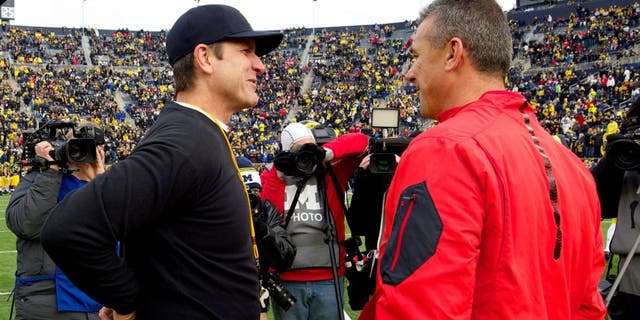 Michigan head coach Jim Harbaugh, left, talks with Ohio State head coach Urban Meyer, right, on the Michigan Stadium field before an NCAA college football game in Ann Arbor, Mich., Saturday, Nov. 28, 2015. (AP Photo/Tony Ding)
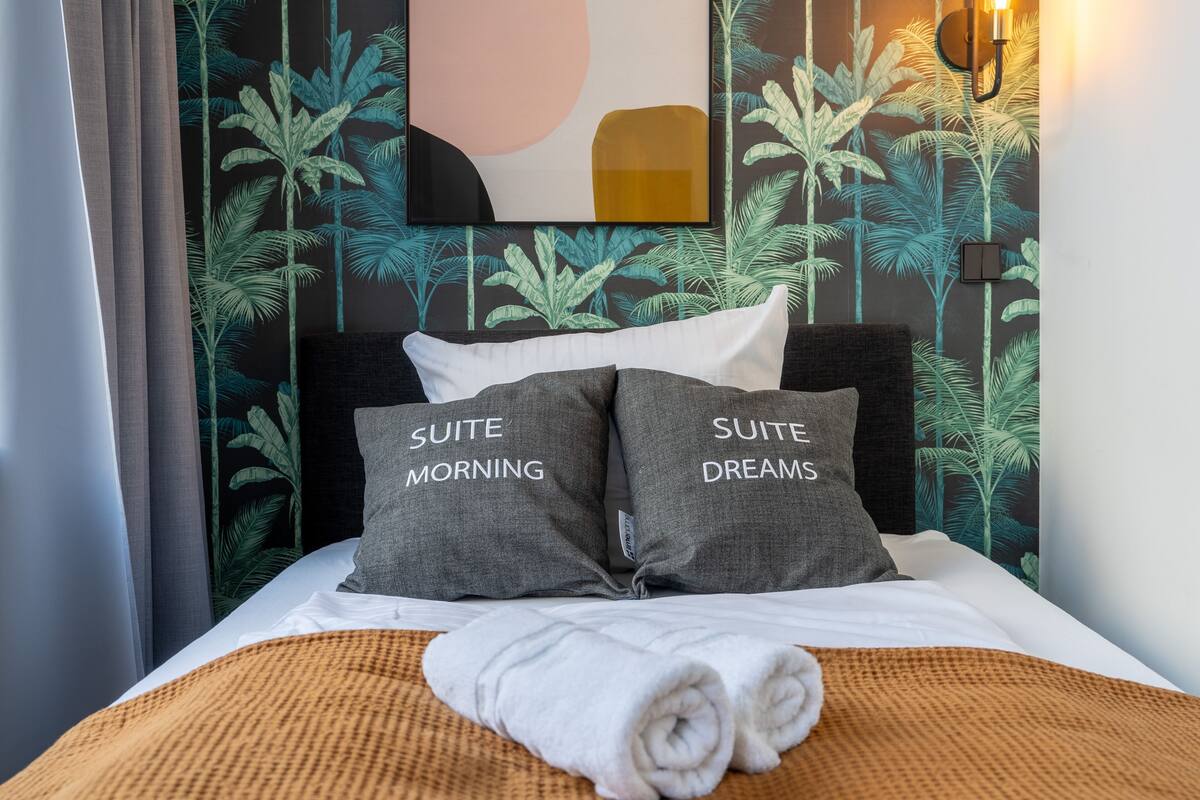A hotel room with a bed, two pillows labeled "SUITE MORNING" and "SUITE DREAMS," a wall with a tropical leaf pattern, and a wall-mounted light fixture.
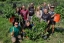 Students stand in the garden, smiling with their plants.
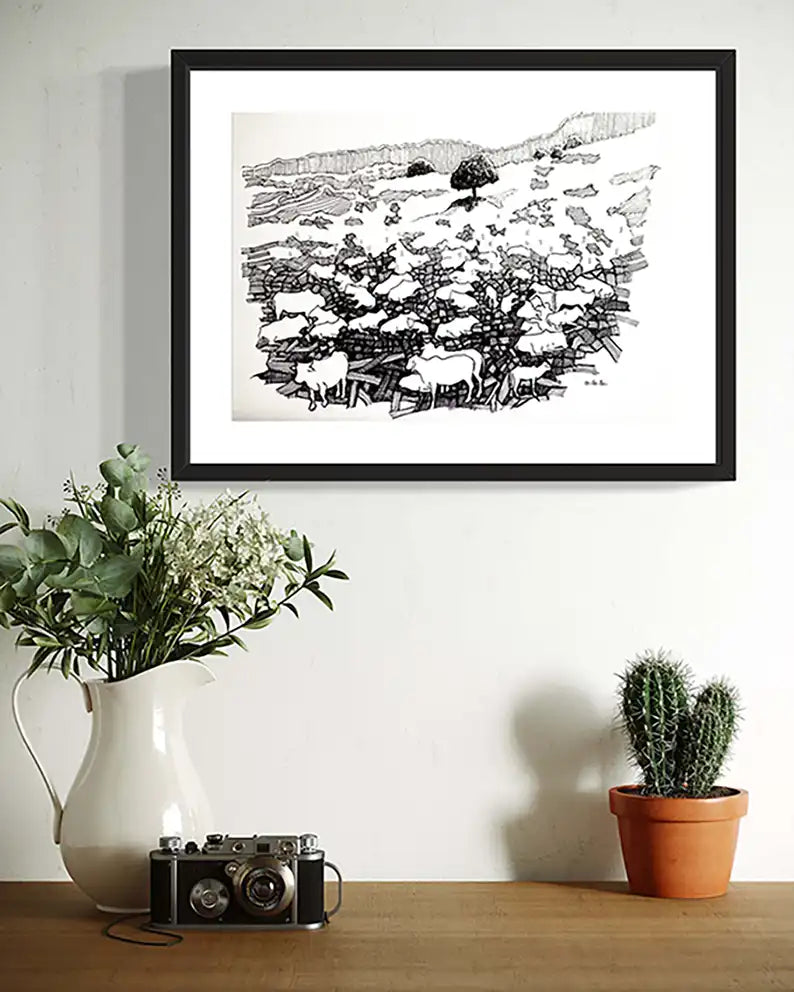 Framed Grazing Ground ink artwork by Obada Gabir displayed on wall above wooden shelf with plants and vintage camera
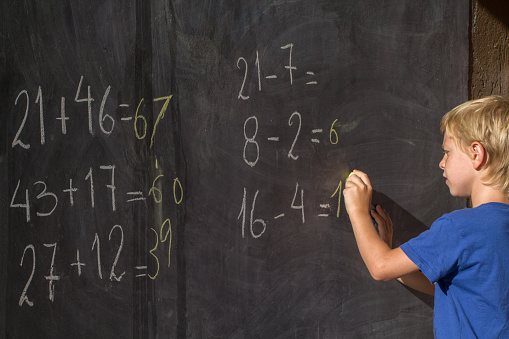 boy studying mathematics on black board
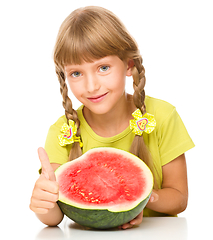 Image showing Little girl is eating watermelon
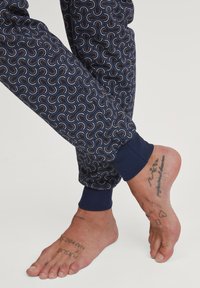 Marine joggers met een herhalend regenboogpatroon, elastische manchetten en een geribbelde tailleband. Blote voet zichtbaar met meerdere tatoeages.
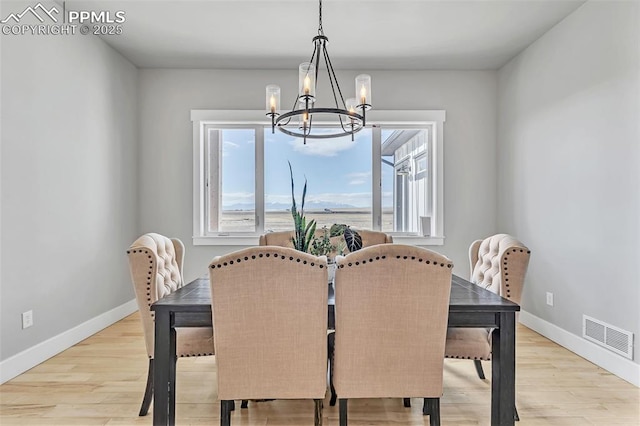 dining room featuring light hardwood / wood-style flooring and a notable chandelier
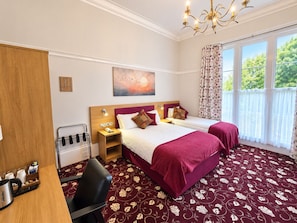 A hotel room with two beds, a desk with a kettle, a chair, a painting on the wall, and a large window with curtains. - Edgerton Hotel (Huddersfield)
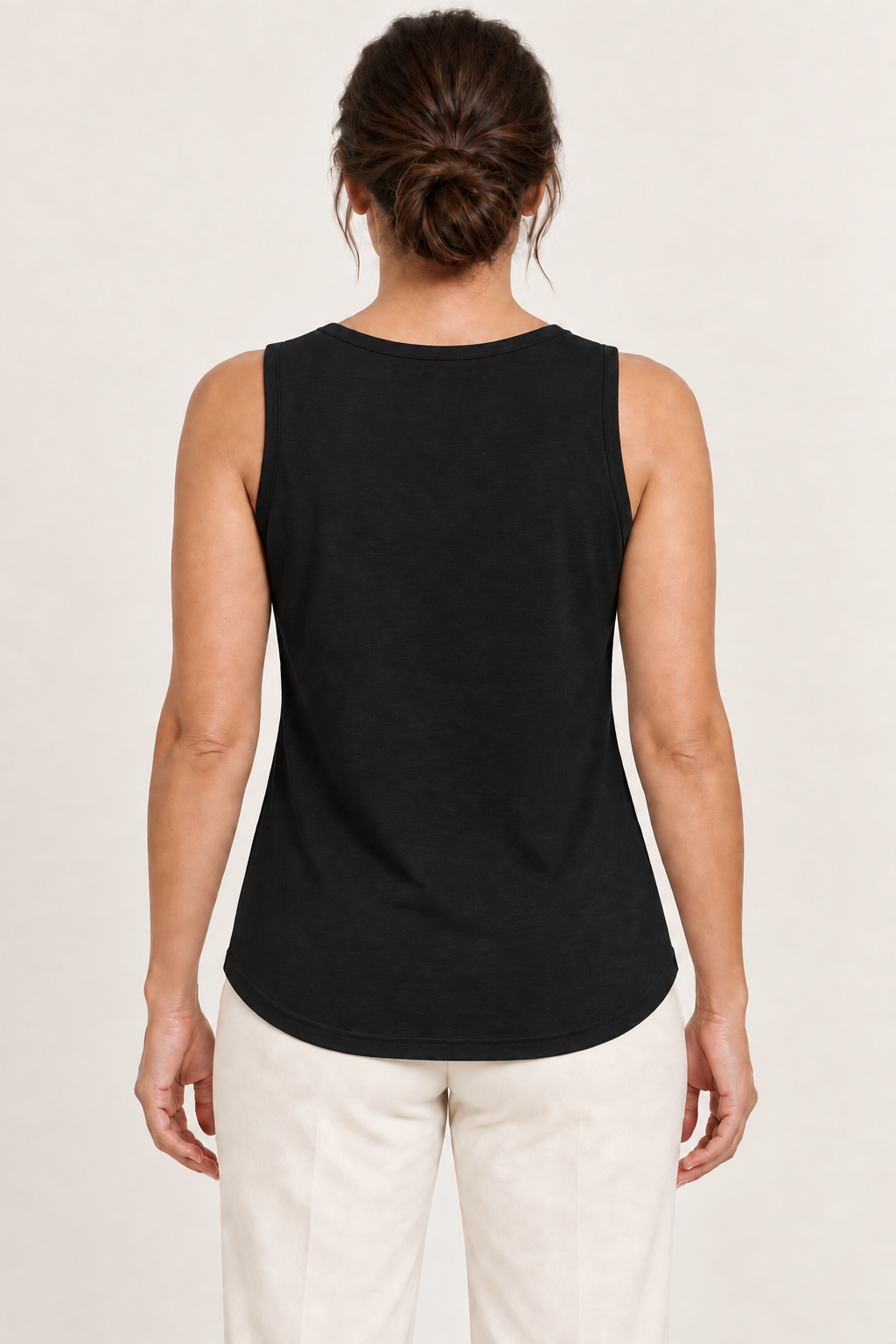 Black cotton-stretch round-neck tank, model back.
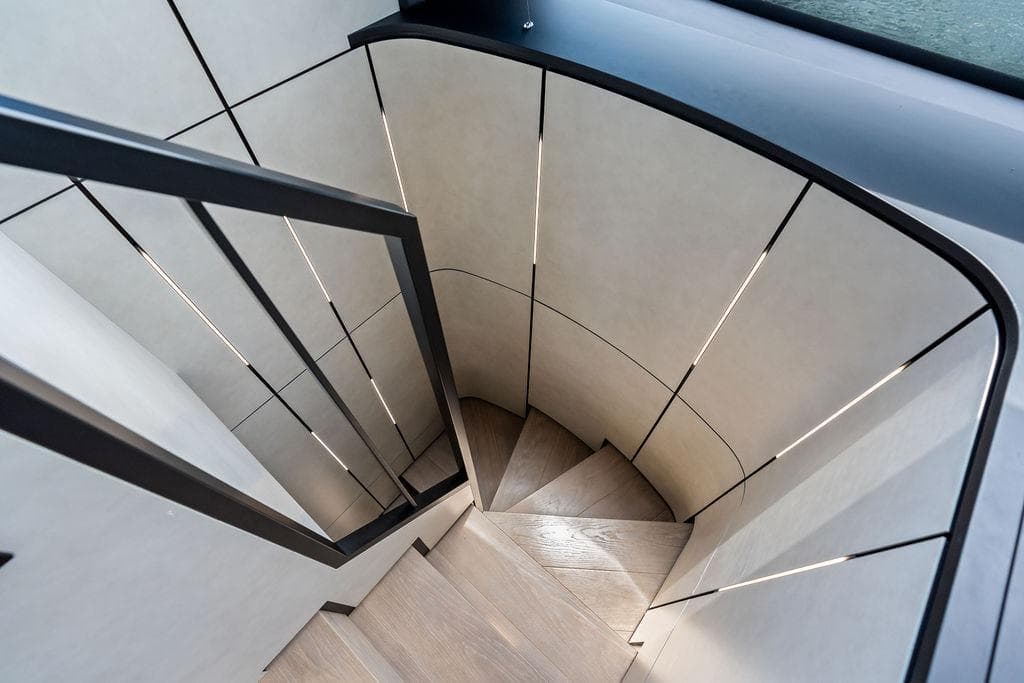 Modern spiral staircase inside 2025 Pershing GTX 80 yacht, featuring sleek design and lighting.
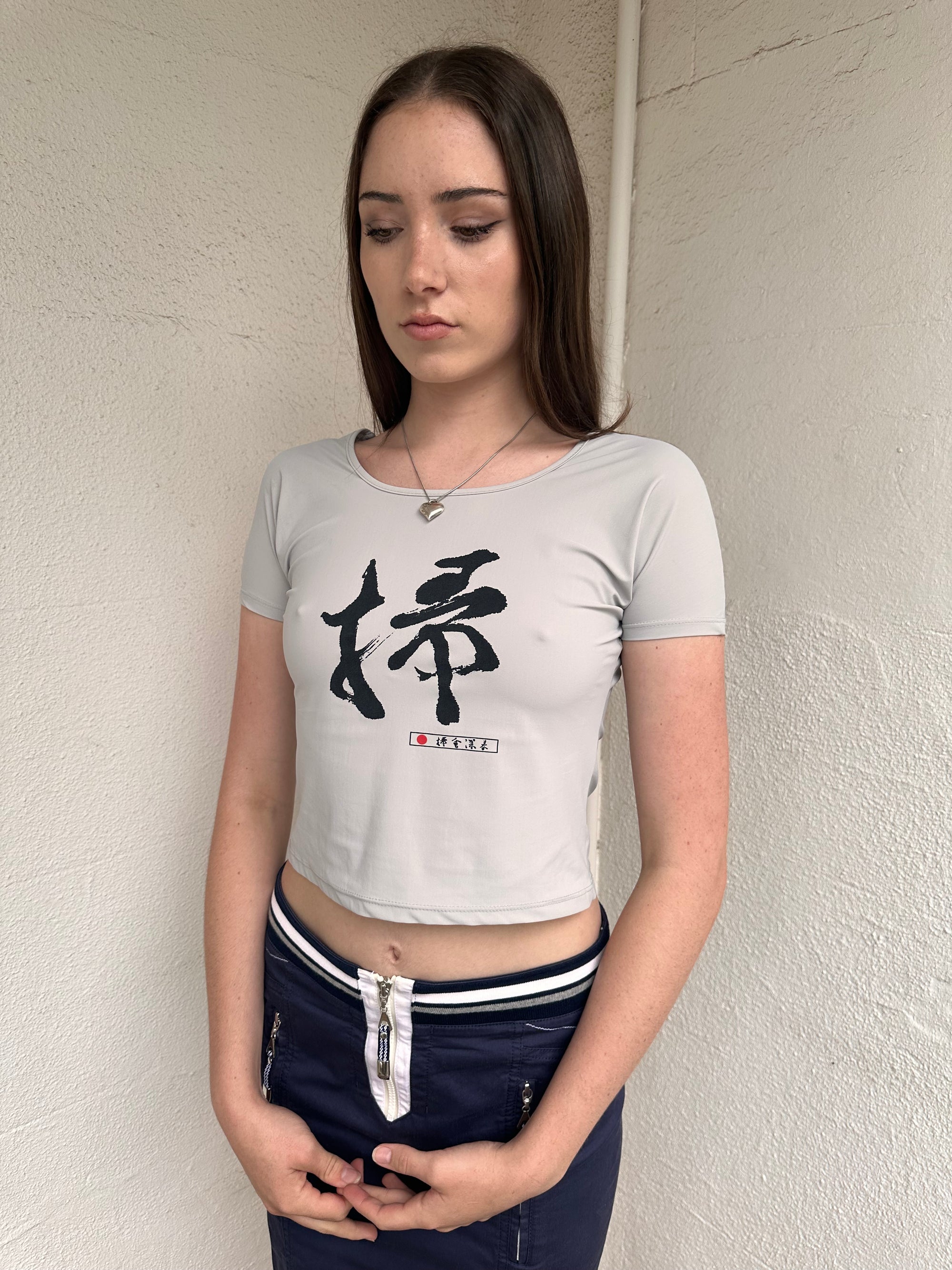 Woman wearing a Y2K 00s Grey baby t-shirt featuring an all-over Japanese symbol print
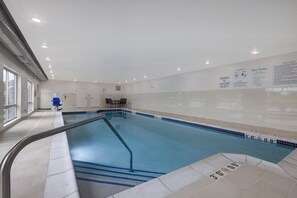 Une piscine intérieure avec des règles d’utilisation claires et des panneaux d’avertissement concernant la sécurité affichés sur les murs, un poste de surveillance pour le sauveteur et un sol carrelé avec des indications de profondeur.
· · · · ·
Copy exactly the lines from the line that holds "Woman wearing a" to the end of the listing, both included. Leave the pictures out.

→ **Completed task**:
 Woman wearing a Y2K 00s Grey baby t-shirt featuring an all-over Japanese symbol print
 Une piscine intérieure avec des règles d’utilisation claires et des panneaux d’avertissement concernant la sécurité affichés sur les murs, un poste de surveillance pour le sauveteur et un sol carrelé avec des indications de profondeur.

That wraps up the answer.